Ma il Distretto Turistico dei Monti Sicani è particolarmente ricco anche dal punto di vista delle tradizioni e manifestazioni storiche e religiose. Tanti, difatti, sono gli eventi sparsi tra i vari borghi. A San Giovanni Gemini, nel giorno della festa di Gesù Nazareno, un Carro Trionfale trainato da buoi compie una suggestiva passeggiata, scendendo dal Corso Francesco Crispi e risalendo in seguito la Domenica. A Prizzi è caratteristico il ballo dei diavoli, che richiama cerimonie medievali celebranti il trionfo della vita e il rifiorire della natura con l’avvento della primavera.Viaggio in Sicilia, archi di bambù San Biagio Platani A Cammarata, nell’agrigentino, in occasione dell’ultima domenica di maggio, cavalieri e cavalli sfilano per le vie del centro tagliando due ali di folla per la sentitissima cavalcata del SS. Crocifisso degli Angeli.
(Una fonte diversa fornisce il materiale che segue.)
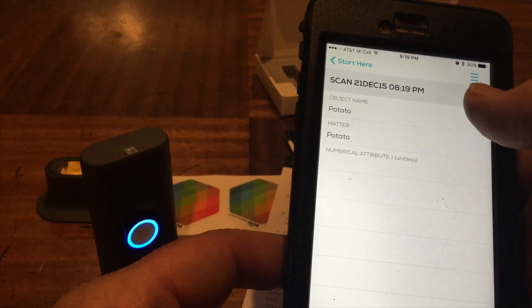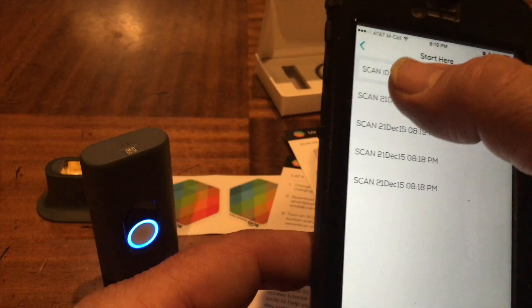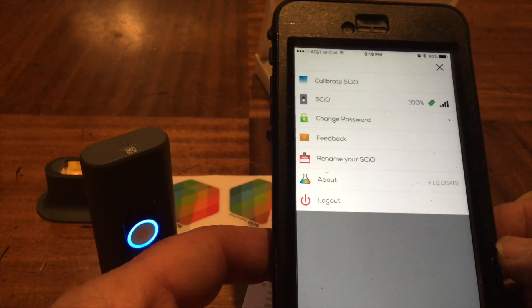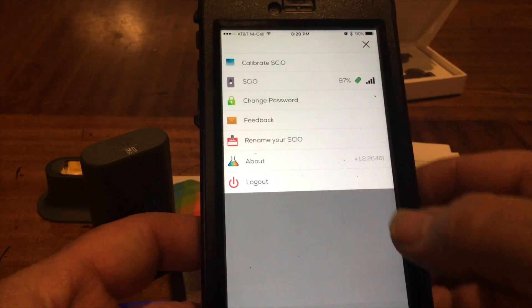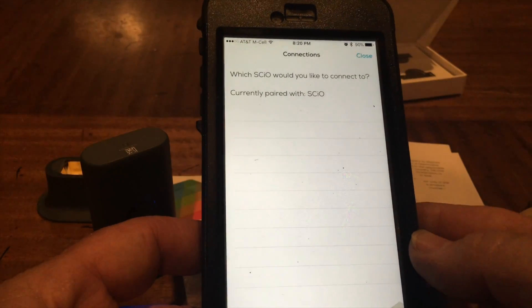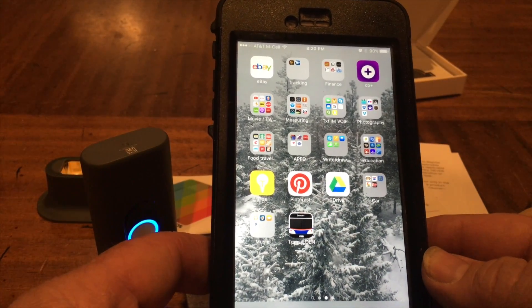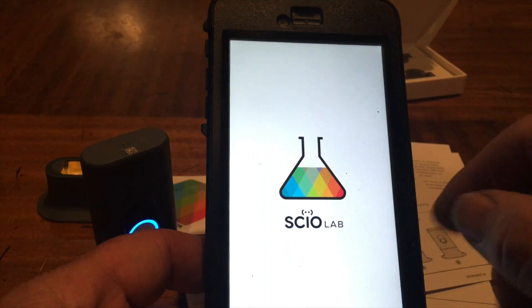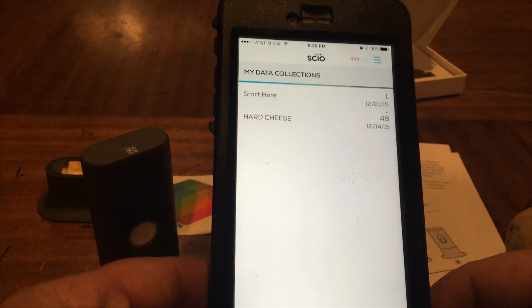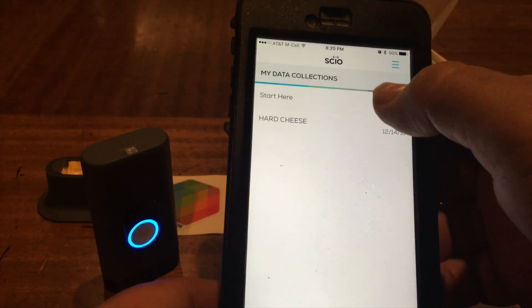I've got a whole bunch of different skins here - obviously the potato. I should probably have labeled it the kind of potato - this is a Yukon Gold potato, so I might have to go back and change that. The app crashed - where was that? Okay it started flashing saying it's not connected, but it connected right back up again. Might add a collections.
A San Biagio Platani, invece, conviene ancor più recarsi nel periodo della Pasqua, in quanto la cittadina viene adornata con caratteristici archi fatti di canne di bambù, e offre svariati souvenir di pane ai visitatori che vogliono portar via un ricordo del loro viaggio in Sicilia.

L’ARTE DELLA CERAMICA DI BURGIO E LE ARANCE D.O.P.

In questo contesto pieno di storia e tradizioni secolari, spiccano però anche eccellenze dell’arte manifatturiera, e in particolare della lavorazione della ceramica. Ci troviamo a Burgio, infatti, che scrive il suo nome accanto a quelli di altri luoghi noti per la stessa arte, quali Caltagirone, Santo Stefano di Camastra e Sciacca. Qui la splendida produzione locale delle maioliche ha suggerito la realizzazione del “Museo della Ceramica di Burgio” (MuCeB), al fine di salvaguardare e diffondere il valore della Scuola ceramica burgitana.
E in tutto il comprensorio, oltre alle creazioni dell’uomo, c’è da dire che altrettanto preziose sono quelle della natura, e in particolare quella delle arance bionde ombelicate. Infatti, spicca qui la produzione della squisita “Arancia di Ribera D.o.p.”, nel comune di Lucca Sicula e in quello di Villafranca Sicula.

Viaggio in Sicilia,un paesaggio dei Monti Sicani e Valle del Platani
NATURA, STORIA E IDENTITà CULTURALI

In mezzo a questa varietà di caratteristiche, si aggiungono inoltre altri Comuni da visitare, ognuno per qualche caratteristica particolare: Sant’Angelo Muxaro, che ha testimonianze dell’età del ferro; Bisacquino, paesino ricco di storia; Cianciana, che si districa tra diverse colline e che presenta preziosi reperti del neolitico ritrovati all’interno di alcune grotte; e infine Contessa Entellina, unica nel suo genere, in virtù dell’identità culturale dei suoi abitanti, chiamati “Arbëreshë”, ossia italo-albanesi, che fanno di lei un’oasi etnica, religiosa e linguistica.
Un Distretto molto ricco, quindi, che suggerisce numerosi motivi per essere scoperto da chi ha desiderio di stupirsi per un affascinante viaggio in Sicilia che non ti aspetti.